Content starts

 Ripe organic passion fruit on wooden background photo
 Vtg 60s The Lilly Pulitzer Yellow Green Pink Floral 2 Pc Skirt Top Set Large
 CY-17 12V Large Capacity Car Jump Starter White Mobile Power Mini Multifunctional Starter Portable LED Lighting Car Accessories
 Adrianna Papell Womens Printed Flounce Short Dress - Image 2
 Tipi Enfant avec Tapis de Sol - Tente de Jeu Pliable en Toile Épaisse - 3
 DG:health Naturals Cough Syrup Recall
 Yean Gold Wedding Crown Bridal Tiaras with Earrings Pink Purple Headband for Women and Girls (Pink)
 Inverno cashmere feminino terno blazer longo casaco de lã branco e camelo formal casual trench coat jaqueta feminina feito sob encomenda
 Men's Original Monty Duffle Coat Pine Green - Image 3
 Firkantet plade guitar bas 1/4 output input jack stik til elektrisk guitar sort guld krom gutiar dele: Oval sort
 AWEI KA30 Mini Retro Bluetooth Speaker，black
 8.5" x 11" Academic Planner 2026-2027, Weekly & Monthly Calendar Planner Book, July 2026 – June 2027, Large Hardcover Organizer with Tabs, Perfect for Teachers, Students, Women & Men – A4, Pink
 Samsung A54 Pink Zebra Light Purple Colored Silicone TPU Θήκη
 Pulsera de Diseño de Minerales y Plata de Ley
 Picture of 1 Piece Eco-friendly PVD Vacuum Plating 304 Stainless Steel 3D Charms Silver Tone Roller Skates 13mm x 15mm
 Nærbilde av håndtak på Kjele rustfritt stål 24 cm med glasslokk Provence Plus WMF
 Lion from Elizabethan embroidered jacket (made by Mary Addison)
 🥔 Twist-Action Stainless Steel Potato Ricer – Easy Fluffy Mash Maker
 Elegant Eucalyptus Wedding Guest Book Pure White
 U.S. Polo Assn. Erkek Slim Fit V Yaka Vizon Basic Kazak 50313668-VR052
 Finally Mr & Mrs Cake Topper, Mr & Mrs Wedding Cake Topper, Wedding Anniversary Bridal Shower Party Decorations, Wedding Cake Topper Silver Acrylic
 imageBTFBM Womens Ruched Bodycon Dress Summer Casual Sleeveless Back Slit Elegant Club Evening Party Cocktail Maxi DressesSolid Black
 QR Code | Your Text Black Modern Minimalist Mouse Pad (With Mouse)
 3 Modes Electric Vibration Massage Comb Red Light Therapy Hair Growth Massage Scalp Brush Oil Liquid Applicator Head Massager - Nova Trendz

Content ends

Your goal
Only the lines from the start of the material through the line containing "AWEI KA30 Mini Retro Bluetooth Speaker，black" should be repeated, and they should be repeated exactly.

Solution to this task
 Ripe organic passion fruit on wooden background photo
 Vtg 60s The Lilly Pulitzer Yellow Green Pink Floral 2 Pc Skirt Top Set Large
 CY-17 12V Large Capacity Car Jump Starter White Mobile Power Mini Multifunctional Starter Portable LED Lighting Car Accessories
 Adrianna Papell Womens Printed Flounce Short Dress - Image 2
 Tipi Enfant avec Tapis de Sol - Tente de Jeu Pliable en Toile Épaisse - 3
 DG:health Naturals Cough Syrup Recall
 Yean Gold Wedding Crown Bridal Tiaras with Earrings Pink Purple Headband for Women and Girls (Pink)
 Inverno cashmere feminino terno blazer longo casaco de lã branco e camelo formal casual trench coat jaqueta feminina feito sob encomenda
 Men's Original Monty Duffle Coat Pine Green - Image 3
 Firkantet plade guitar bas 1/4 output input jack stik til elektrisk guitar sort guld krom gutiar dele: Oval sort
 AWEI KA30 Mini Retro Bluetooth Speaker，black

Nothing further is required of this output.